##### RAW DATA
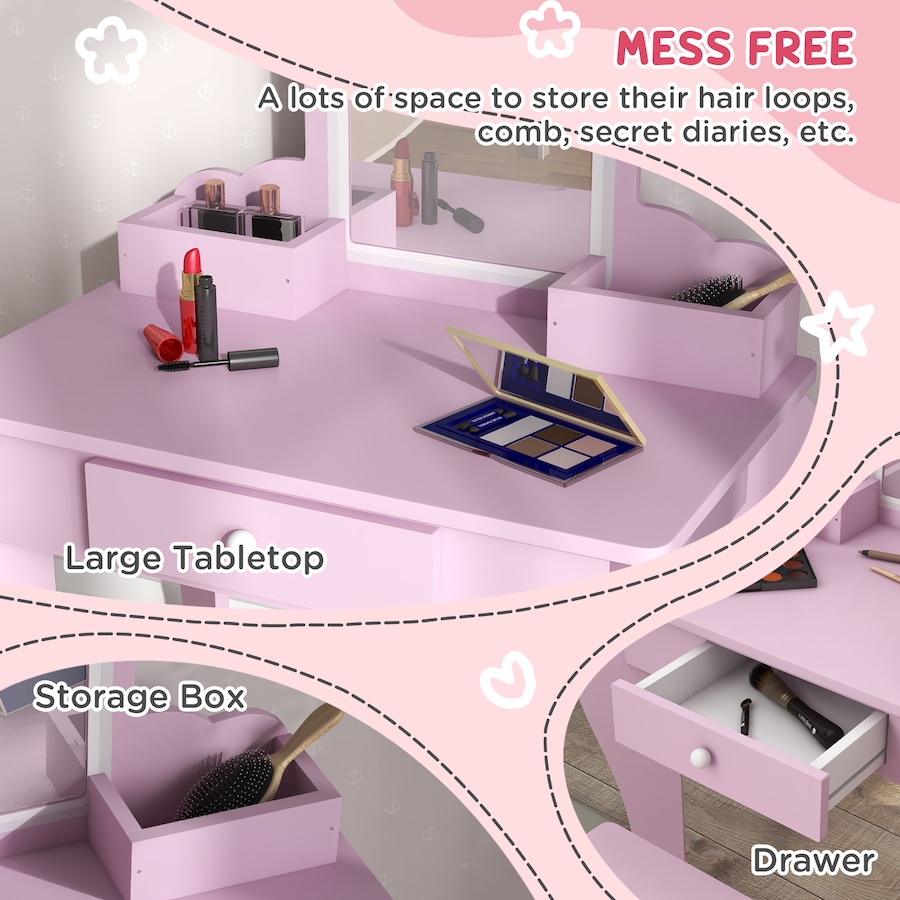 Image 976731_ALTMORE4.jpg, Product 976-731 / Price $104.99, Qaba Kids Vanity Table with Mirror and Stool, Cloud Design, Drawer Pink from Qaba on TSC.ca's Home & Garden department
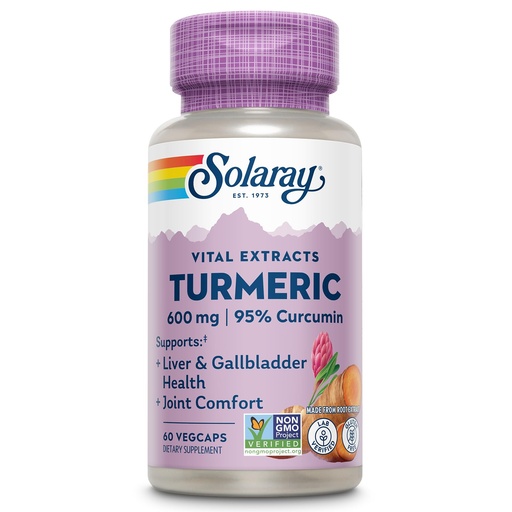 [BRSWKHQYAYHW2ETU] SOLARAY Turmeric Supplement 600mg - Turmeric Root with 95% Curcumin - Joint Support Supplement - Joint Health, Gallbladder and Liver Support, Non-GMO, Vegan, Gluten Free, 60-Day Guarantee, 60 Servings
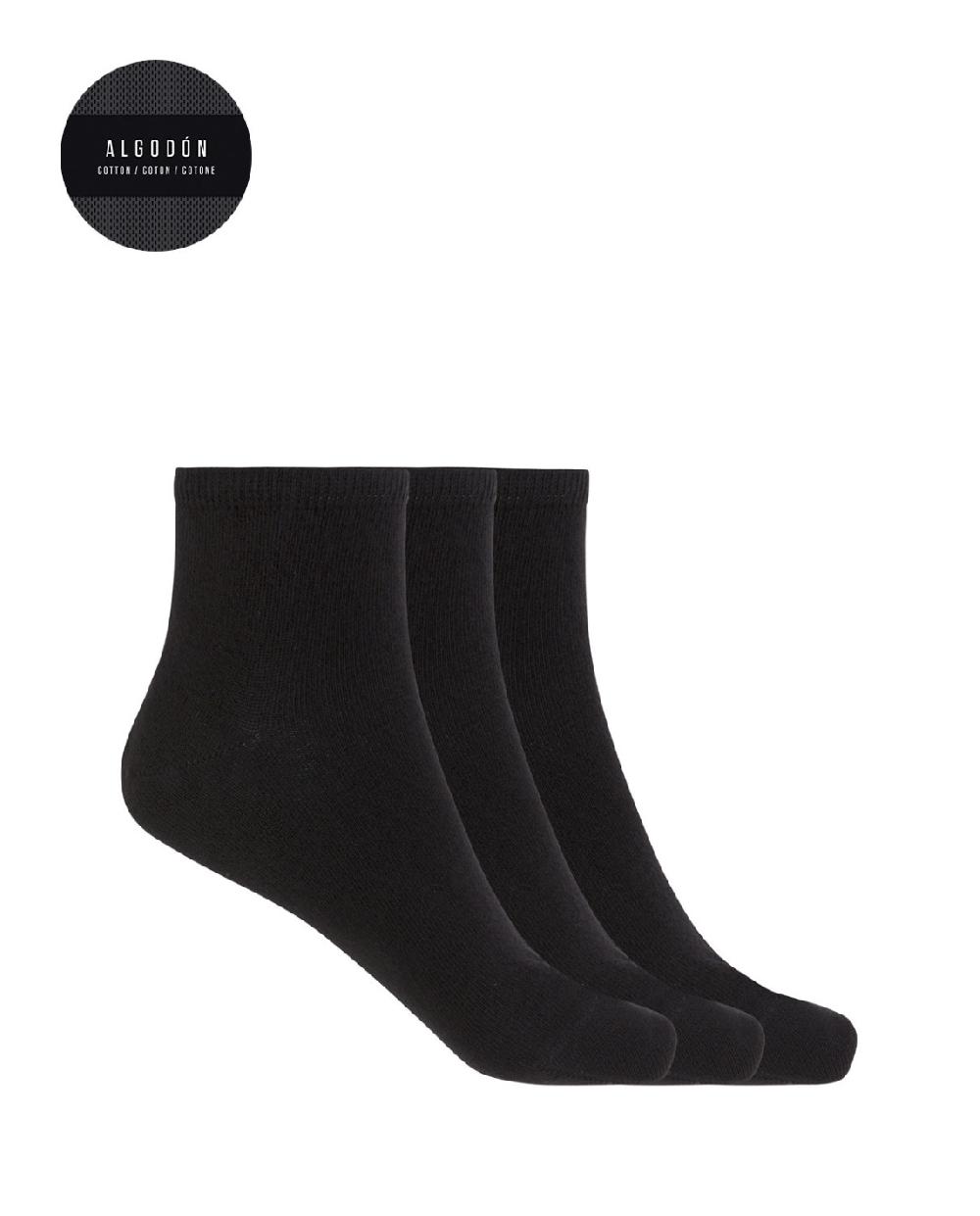 punto blanco Pack de 3 calcetines de algodón lisos - Basix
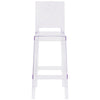 Ghost Barstool with Square Back in Transparent Crystal - Flash Furniture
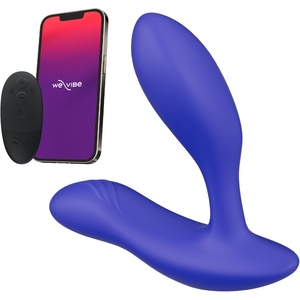 We-Vibe Vector+ Vibrating Butt Plug Adult Sex Toy | Silicone Perineum & Prostate Massager Male Sex Toy | Long Distance App & Remote Control Anal Vibrator | 10 Modes Anal Plug for Couples | Blue(Bright Blue)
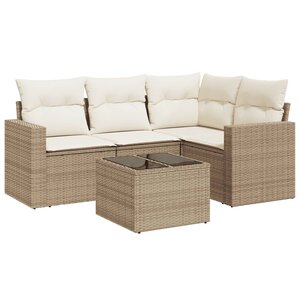 vidaXL Salon de jardin avec coussins 5 Pièces beige résine tressée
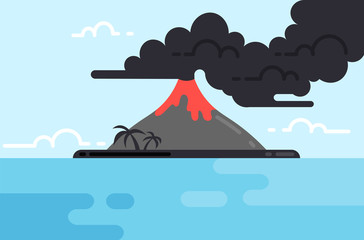 Fototapeta na wymiar Tropical volcano eruption.
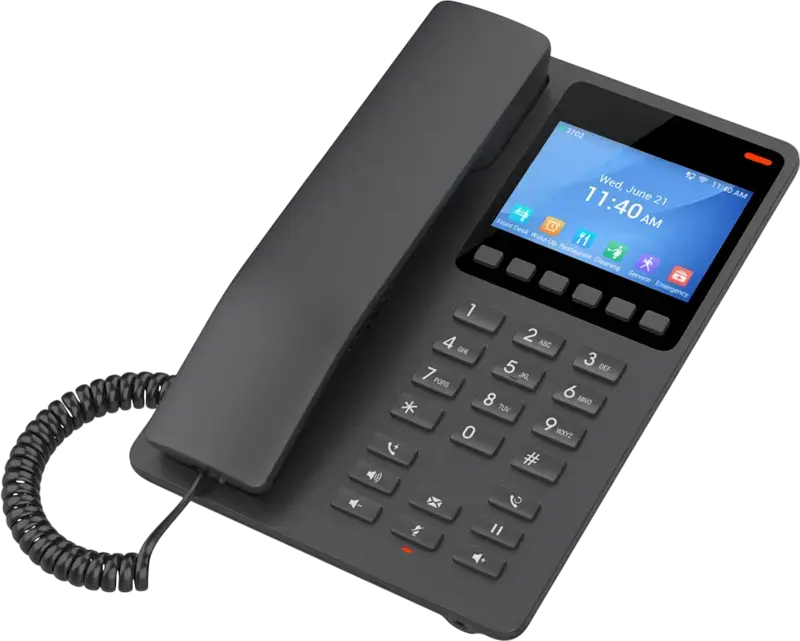IP-телефон для отелей Grandstream GHP631W, 2 SIP-линии, цветной ЖК-дисплей, двухдиапазонный Wi-Fi 6, PoE, 10 клавиш быстрого набора, HD-динамик, черный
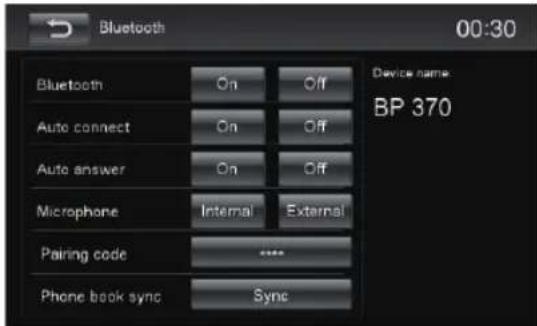 BLAUPUNKT Santa Cruz 370 - Настройки Bluetooth - 1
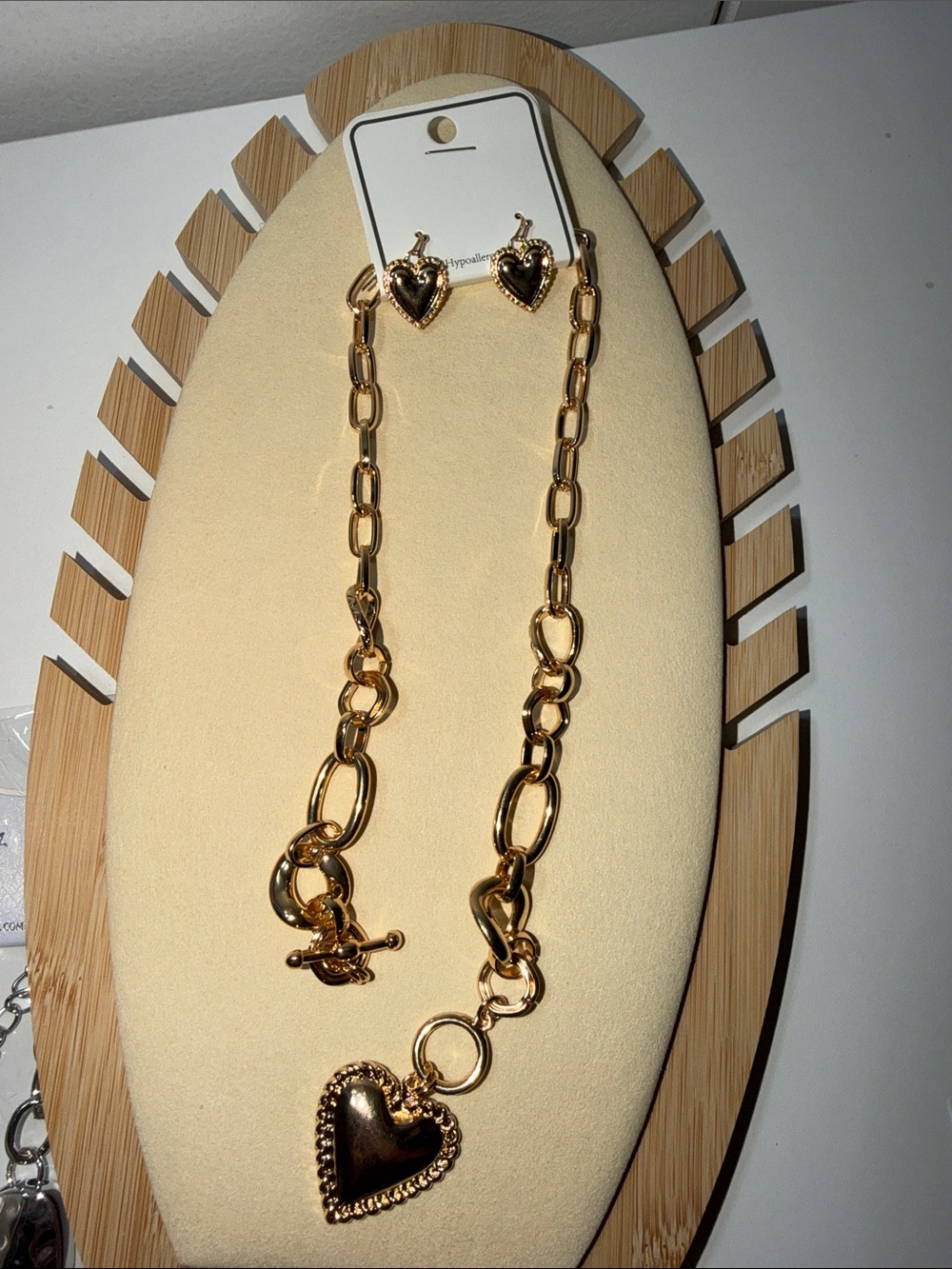 Gold Heart Pendant Necklace and Heart Stud Earrings Set - Women's Jewelry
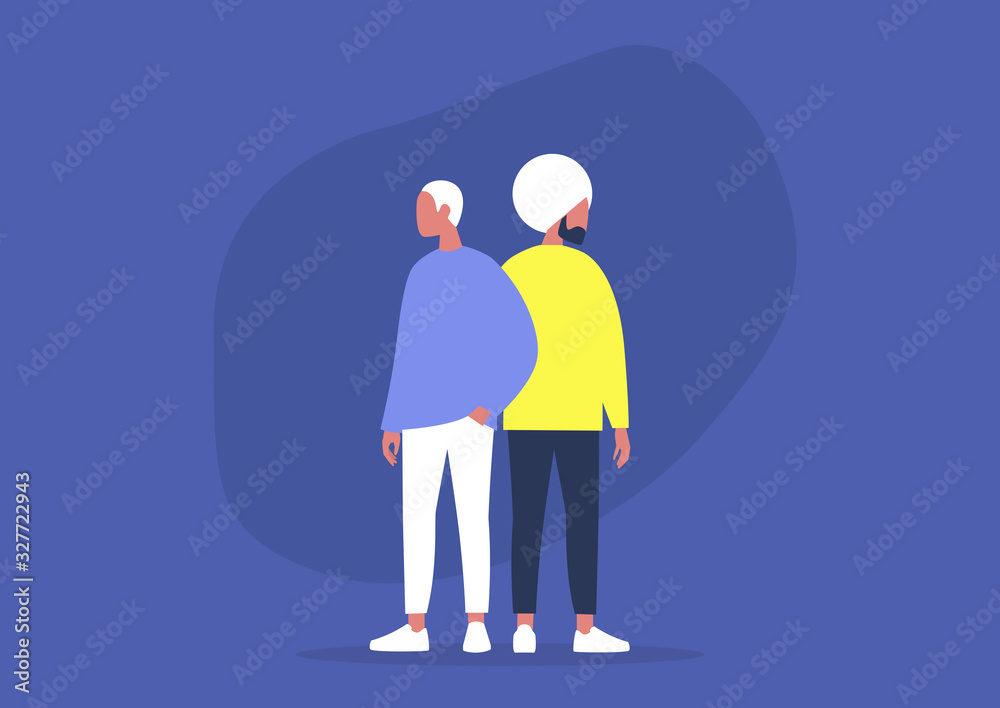 Two young adult character standing back to back, support and trust, partners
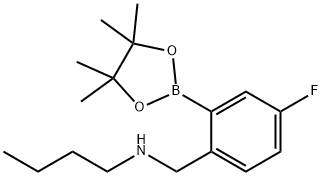 N-(4-Fluoro-2-(4,4,5,5-tetramethyl-1,3,2-dioxaborolan-2-yl)benzyl)butan-1-amine Struktur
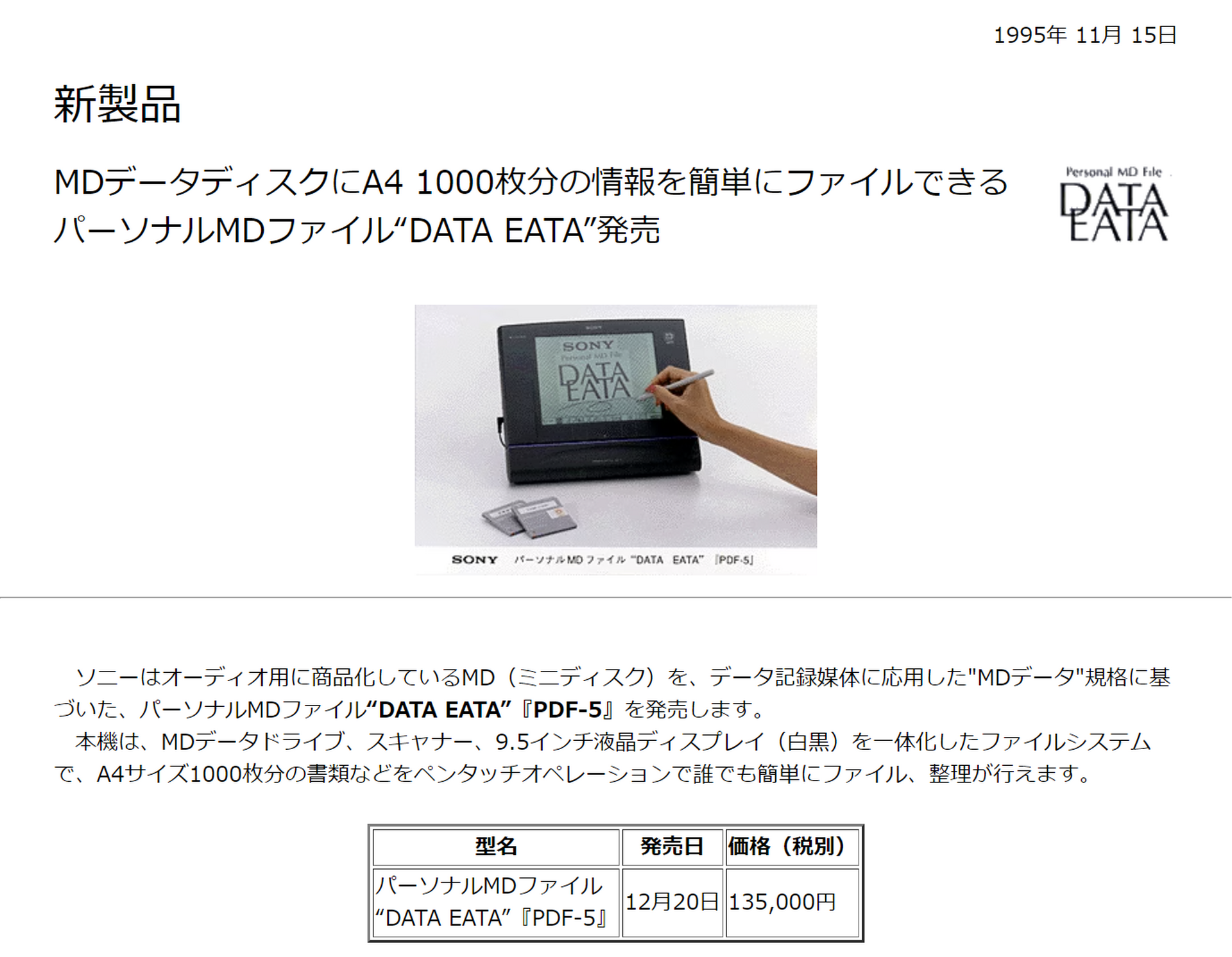 実は現行品。音楽用MDをデータ用に拡張した「MD DATA」（140MB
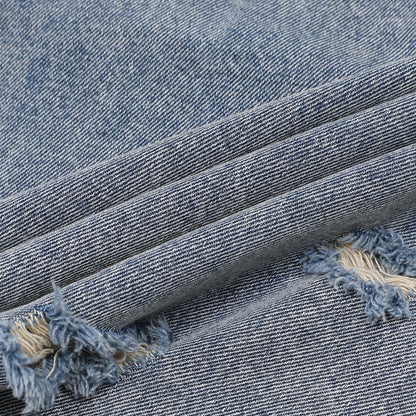 Washed Damage Wide Leg Denim Short Pants WN25596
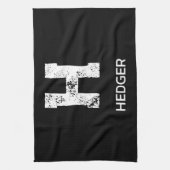 MINIMALIST WHITE ONE LETTER MONOGRAM NAME BLACK  THEEDOEK (Verticaal)
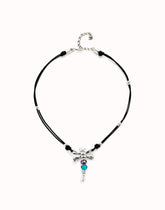 Leather Pendant Necklace With Dragonfly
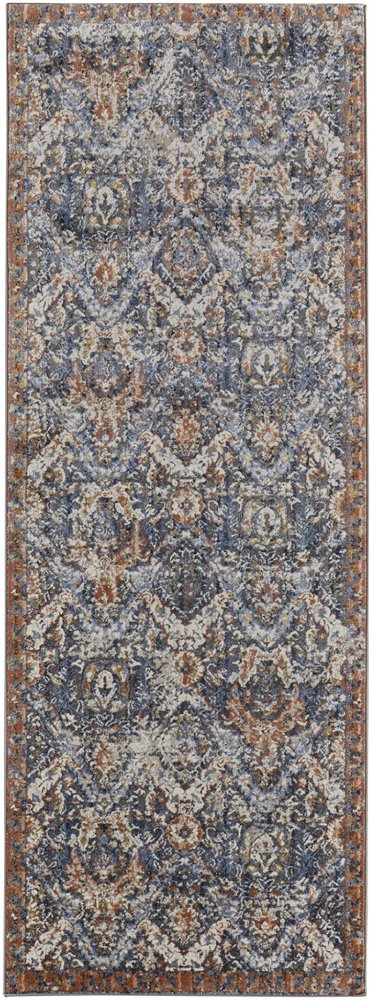 3' X 5' Ivory Blue And Burnt Orange Floral Area Rug With Fringe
##########
_WORK TO COMPLETE_: Retype the whole of the data verbatim. Skip every picture.

_TASK ANSWER_:
 Image 976731_ALTMORE4.jpg, Product 976-731 / Price $104.99, Qaba Kids Vanity Table with Mirror and Stool, Cloud Design, Drawer Pink from Qaba on TSC.ca's Home & Garden department
 [BRSWKHQYAYHW2ETU] SOLARAY Turmeric Supplement 600mg - Turmeric Root with 95% Curcumin - Joint Support Supplement - Joint Health, Gallbladder and Liver Support, Non-GMO, Vegan, Gluten Free, 60-Day Guarantee, 60 Servings
 punto blanco Pack de 3 calcetines de algodón lisos - Basix
 Ghost Barstool with Square Back in Transparent Crystal - Flash Furniture
 We-Vibe Vector+ Vibrating Butt Plug Adult Sex Toy | Silicone Perineum & Prostate Massager Male Sex Toy | Long Distance App & Remote Control Anal Vibrator | 10 Modes Anal Plug for Couples | Blue(Bright Blue)
 vidaXL Salon de jardin avec coussins 5 Pièces beige résine tressée
 Fototapeta na wymiar Tropical volcano eruption.
IP-телефон для отелей Grandstream GHP631W, 2 SIP-линии, цветной ЖК-дисплей, двухдиапазонный Wi-Fi 6, PoE, 10 клавиш быстрого набора, HD-динамик, черный
 BLAUPUNKT Santa Cruz 370 - Настройки Bluetooth - 1
 Gold Heart Pendant Necklace and Heart Stud Earrings Set - Women's Jewelry
 Two young adult character standing back to back, support and trust, partners
 N-(4-Fluoro-2-(4,4,5,5-tetramethyl-1,3,2-dioxaborolan-2-yl)benzyl)butan-1-amine Struktur
 実は現行品。音楽用MDをデータ用に拡張した「MD DATA」（140MB
 Washed Damage Wide Leg Denim Short Pants WN25596
 MINIMALIST WHITE ONE LETTER MONOGRAM NAME BLACK  THEEDOEK (Verticaal)
 Leather Pendant Necklace With Dragonfly
 3' X 5' Ivory Blue And Burnt Orange Floral Area Rug With Fringe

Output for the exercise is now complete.